San Francisco-based bitcoin wallet provider Coinbase has officially denied allegations about the alleged data breach, after roughly 2,000 Coinbase customer names and emails were compromised. The company has also responded to community concerns relating to a design function of its “Request Money” service by calling a feature.
The response was published after an anonymous leaker posted a link to data site Pastebin, which contained hundreds of alleged Coinbase customers’ names and email addresses. Even though some of these names were duplicated, the online thread was quick to point to a vulnerability that was closed without fixing may have been behind the leak of email addresses and names.
In a statement on its website, Coinbase director of security Ryan McGeehan confirmed that the list of users published was “less than one half of one percent” of Coinbase users. In addition, it was said that “this list of emails was likely sourced from other sites – probably Bitcoin related ones.”
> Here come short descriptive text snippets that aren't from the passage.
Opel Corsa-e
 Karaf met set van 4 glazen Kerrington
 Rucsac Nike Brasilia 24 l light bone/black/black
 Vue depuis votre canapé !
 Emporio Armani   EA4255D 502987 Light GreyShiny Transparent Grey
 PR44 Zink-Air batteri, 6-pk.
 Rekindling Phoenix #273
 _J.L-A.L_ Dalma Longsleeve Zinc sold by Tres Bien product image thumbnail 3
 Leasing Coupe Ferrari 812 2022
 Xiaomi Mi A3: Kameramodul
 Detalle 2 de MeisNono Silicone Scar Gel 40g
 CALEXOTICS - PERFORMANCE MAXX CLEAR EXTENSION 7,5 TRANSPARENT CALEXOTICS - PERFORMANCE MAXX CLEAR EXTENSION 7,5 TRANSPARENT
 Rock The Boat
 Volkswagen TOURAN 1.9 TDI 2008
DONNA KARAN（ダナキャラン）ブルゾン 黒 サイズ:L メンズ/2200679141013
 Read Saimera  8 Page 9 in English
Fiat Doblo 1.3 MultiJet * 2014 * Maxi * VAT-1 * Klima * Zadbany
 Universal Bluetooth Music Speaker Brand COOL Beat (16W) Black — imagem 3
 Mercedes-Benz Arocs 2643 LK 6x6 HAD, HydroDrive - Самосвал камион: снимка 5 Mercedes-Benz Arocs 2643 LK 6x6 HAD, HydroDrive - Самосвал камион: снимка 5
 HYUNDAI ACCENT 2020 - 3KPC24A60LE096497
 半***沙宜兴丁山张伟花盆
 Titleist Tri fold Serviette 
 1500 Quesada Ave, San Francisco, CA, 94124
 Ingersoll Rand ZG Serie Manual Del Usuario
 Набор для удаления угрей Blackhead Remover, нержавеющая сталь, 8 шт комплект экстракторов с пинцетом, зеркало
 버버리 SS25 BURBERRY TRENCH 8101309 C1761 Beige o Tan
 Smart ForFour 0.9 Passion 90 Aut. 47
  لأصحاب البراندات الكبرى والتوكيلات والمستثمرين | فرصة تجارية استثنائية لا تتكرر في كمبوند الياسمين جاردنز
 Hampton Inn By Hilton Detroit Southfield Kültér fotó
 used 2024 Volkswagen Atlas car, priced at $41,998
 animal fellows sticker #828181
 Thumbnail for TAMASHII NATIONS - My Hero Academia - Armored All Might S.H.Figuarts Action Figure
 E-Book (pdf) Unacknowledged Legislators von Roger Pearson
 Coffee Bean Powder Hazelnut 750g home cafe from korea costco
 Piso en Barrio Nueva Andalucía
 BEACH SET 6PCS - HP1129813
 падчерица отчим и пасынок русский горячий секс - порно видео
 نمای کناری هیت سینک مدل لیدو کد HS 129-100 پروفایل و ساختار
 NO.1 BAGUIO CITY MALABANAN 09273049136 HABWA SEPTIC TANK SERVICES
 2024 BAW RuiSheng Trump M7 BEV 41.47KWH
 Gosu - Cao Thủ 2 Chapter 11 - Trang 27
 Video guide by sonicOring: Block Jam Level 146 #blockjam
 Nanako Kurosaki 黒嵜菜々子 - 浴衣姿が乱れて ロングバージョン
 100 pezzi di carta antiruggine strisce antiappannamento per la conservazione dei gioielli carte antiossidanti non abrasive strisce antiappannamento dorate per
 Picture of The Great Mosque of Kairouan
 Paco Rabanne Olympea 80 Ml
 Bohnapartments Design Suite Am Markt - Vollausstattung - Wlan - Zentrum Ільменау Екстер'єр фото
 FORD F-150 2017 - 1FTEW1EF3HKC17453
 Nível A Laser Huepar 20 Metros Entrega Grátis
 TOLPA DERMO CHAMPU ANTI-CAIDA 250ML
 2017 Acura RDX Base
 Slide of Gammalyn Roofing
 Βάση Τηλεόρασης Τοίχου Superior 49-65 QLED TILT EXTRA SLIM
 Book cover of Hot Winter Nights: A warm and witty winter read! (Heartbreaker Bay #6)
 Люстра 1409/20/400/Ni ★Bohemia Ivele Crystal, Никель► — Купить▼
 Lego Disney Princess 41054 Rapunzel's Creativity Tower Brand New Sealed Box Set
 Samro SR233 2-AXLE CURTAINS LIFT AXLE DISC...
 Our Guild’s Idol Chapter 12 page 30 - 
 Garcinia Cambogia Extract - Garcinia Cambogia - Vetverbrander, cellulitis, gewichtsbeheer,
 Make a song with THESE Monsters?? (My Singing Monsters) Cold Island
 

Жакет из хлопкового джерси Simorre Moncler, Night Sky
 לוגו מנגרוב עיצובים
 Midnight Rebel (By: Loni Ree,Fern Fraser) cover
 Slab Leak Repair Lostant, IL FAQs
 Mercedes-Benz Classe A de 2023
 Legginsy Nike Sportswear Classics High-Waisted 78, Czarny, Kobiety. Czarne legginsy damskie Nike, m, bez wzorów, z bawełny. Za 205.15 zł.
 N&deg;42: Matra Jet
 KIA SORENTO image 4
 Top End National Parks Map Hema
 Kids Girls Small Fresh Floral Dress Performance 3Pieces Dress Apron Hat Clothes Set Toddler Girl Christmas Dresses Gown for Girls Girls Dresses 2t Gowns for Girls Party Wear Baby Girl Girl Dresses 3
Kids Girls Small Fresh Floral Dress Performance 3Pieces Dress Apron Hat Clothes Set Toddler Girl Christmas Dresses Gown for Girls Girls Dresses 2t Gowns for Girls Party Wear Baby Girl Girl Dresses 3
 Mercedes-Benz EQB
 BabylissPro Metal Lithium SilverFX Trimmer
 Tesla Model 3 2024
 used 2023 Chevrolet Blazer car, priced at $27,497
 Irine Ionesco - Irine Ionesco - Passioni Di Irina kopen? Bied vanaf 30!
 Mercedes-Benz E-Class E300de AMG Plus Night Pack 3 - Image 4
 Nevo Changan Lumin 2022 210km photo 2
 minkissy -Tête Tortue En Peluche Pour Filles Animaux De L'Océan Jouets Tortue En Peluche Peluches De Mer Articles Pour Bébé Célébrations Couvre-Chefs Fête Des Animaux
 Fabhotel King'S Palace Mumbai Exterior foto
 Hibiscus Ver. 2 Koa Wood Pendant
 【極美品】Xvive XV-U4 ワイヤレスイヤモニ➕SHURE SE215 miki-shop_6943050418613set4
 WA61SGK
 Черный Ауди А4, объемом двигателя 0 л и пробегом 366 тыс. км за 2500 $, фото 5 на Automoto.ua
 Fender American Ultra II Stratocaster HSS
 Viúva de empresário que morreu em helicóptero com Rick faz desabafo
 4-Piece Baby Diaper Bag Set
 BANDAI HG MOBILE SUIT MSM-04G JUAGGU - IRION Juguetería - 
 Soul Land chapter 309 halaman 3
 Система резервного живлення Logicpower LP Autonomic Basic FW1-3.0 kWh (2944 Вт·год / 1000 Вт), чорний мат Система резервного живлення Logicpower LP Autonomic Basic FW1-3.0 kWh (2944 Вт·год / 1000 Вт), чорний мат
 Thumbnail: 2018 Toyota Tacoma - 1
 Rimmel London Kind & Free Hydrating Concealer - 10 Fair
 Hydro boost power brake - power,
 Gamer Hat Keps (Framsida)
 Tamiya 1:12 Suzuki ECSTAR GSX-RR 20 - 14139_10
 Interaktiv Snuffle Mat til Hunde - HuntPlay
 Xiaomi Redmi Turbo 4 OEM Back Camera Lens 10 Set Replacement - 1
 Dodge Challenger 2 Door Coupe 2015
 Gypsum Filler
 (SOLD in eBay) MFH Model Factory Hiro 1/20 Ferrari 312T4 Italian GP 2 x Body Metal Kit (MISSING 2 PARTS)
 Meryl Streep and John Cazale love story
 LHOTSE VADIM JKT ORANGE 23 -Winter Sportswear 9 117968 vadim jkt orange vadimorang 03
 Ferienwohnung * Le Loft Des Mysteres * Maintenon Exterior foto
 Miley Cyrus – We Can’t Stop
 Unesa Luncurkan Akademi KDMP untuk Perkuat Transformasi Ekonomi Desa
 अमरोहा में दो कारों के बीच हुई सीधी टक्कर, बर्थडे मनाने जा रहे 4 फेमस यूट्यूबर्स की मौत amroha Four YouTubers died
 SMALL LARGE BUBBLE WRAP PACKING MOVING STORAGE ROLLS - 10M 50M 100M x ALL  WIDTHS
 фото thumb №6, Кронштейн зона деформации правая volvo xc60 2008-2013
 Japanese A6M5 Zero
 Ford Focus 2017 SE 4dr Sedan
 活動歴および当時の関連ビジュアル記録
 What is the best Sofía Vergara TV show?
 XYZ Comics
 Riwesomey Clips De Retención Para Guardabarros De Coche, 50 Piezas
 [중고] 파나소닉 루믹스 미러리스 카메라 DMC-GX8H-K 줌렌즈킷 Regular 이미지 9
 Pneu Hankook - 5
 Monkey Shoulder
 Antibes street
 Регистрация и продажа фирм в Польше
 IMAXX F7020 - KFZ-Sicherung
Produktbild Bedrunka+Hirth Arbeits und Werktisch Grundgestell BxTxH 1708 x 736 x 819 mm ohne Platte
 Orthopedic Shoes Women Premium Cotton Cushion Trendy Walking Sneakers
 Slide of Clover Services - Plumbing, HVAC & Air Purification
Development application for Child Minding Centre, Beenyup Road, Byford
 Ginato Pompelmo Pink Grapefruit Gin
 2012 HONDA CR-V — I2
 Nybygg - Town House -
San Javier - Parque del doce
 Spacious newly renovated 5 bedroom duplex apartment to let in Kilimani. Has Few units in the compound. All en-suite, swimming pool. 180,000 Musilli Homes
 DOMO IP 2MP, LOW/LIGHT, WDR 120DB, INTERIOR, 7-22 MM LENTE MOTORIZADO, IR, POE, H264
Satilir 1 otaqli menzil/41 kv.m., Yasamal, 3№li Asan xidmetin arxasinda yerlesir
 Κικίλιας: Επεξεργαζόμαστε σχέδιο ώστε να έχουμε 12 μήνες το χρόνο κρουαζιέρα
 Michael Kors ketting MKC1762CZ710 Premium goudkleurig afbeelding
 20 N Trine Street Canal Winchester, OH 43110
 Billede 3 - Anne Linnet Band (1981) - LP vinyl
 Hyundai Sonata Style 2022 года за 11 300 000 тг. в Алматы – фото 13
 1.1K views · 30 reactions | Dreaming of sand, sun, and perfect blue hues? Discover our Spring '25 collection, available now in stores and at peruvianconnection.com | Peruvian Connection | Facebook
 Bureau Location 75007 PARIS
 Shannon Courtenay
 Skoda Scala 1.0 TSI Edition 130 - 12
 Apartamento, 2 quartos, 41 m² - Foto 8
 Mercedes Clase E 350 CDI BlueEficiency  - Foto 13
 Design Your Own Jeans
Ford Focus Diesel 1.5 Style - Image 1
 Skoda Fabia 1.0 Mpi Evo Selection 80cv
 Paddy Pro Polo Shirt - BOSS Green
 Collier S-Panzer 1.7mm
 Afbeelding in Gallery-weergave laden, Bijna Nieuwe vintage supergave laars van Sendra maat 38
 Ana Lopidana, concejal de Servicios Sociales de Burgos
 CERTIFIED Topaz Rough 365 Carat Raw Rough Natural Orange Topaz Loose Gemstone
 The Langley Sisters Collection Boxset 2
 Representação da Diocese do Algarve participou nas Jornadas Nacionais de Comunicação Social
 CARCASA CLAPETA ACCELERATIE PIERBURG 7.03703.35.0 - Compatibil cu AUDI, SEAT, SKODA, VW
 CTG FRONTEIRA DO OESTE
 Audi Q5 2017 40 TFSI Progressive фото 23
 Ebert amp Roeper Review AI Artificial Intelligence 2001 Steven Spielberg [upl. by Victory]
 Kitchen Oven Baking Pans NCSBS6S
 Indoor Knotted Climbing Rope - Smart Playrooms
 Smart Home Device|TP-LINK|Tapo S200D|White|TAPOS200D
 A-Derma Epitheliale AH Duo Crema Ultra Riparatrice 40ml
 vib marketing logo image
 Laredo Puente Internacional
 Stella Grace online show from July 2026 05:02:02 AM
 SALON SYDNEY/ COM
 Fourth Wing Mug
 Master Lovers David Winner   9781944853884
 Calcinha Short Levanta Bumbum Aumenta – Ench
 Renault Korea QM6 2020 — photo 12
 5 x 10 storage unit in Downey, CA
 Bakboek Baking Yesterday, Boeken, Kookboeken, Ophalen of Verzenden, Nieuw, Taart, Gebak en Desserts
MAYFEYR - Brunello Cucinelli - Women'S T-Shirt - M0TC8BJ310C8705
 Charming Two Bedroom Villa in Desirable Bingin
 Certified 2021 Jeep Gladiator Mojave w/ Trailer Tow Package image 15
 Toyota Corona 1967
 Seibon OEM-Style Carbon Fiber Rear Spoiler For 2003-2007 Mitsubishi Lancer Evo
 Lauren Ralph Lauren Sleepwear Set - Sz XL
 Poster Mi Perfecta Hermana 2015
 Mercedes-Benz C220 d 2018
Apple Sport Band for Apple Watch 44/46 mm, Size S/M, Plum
McGeehan explained in the blog post that it was not a data breach, but is a “norm across most internet sites today”, like Facebook, Google, and Dropbox. The process is called email enumeration can be used to determine whether users exist on the site or not.
“You’ll also find many leading payment services allow user enumeration, including Paypal, Venmo, Square Cash, and many others…”
“Though we believe this type of spam and user enumeration activity doesn’t represent a significant risk to Coinbase customers, we absolutely recognize that it can be an inconvenience and cause confusion,” he said.
He also referred to a new feature called “Request Money” that allows users to request funds by entering an email address, describing it described as part of the “core functionality” of it service.
The company’s security risk was discovered in Monday by Australia-based security researcher Shubham Shah, who found out that he could send a series of emails requesting money from different address and receive back a response with the name and email of valid Coinbase users.
While the feature doesn’t constitute a security flaw, it could aid would-be attackers who are phishing for addresses associated with Bitcoin. Coinbase acknowledged this concern, though it said it believes it represents a low fraud risk, and is more threatening to users as a spam issue.
“We are continually striving to make Coinbase as safe and secure as possible for all of our users, and in the coming weeks, we will perform a more extensive overview of the existing controls we have in place to see how they can be improved,” reads the statement.
Nevertheless, after a difficult few months in the cryptocurrency circles, notably the shuttering of the Mt. Gox bitcoin exchange, the community was left again shaken by the leak.